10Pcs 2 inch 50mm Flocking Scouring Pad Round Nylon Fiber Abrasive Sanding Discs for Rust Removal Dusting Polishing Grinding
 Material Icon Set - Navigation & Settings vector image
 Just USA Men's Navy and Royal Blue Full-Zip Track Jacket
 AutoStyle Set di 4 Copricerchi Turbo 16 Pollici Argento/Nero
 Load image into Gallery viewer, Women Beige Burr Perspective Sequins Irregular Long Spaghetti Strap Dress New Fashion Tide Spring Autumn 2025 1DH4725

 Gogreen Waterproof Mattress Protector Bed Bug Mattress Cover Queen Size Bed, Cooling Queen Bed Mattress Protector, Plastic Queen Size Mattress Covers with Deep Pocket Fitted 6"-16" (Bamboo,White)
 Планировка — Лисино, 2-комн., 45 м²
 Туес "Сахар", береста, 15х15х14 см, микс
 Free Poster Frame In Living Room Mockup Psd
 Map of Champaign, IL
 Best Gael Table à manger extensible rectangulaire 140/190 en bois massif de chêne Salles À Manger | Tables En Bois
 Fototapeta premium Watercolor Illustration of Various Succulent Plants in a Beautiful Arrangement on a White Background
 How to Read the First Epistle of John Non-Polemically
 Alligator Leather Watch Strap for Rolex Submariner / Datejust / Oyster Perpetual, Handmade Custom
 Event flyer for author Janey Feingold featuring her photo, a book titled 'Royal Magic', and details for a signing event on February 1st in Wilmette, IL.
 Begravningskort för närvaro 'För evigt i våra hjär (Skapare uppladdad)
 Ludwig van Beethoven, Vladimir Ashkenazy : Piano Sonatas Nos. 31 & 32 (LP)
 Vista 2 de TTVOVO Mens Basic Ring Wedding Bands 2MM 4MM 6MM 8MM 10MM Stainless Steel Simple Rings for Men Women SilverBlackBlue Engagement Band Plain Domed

+ + +

*AIM OF THE EXERCISE*
What is needed is an exact repetition of the lines from the first line of the records through the line containing "Just USA Men's", both ends included, and nothing more.

*REPLY*
10Pcs 2 inch 50mm Flocking Scouring Pad Round Nylon Fiber Abrasive Sanding Discs for Rust Removal Dusting Polishing Grinding
 Material Icon Set - Navigation & Settings vector image
 Just USA Men's Navy and Royal Blue Full-Zip Track Jacket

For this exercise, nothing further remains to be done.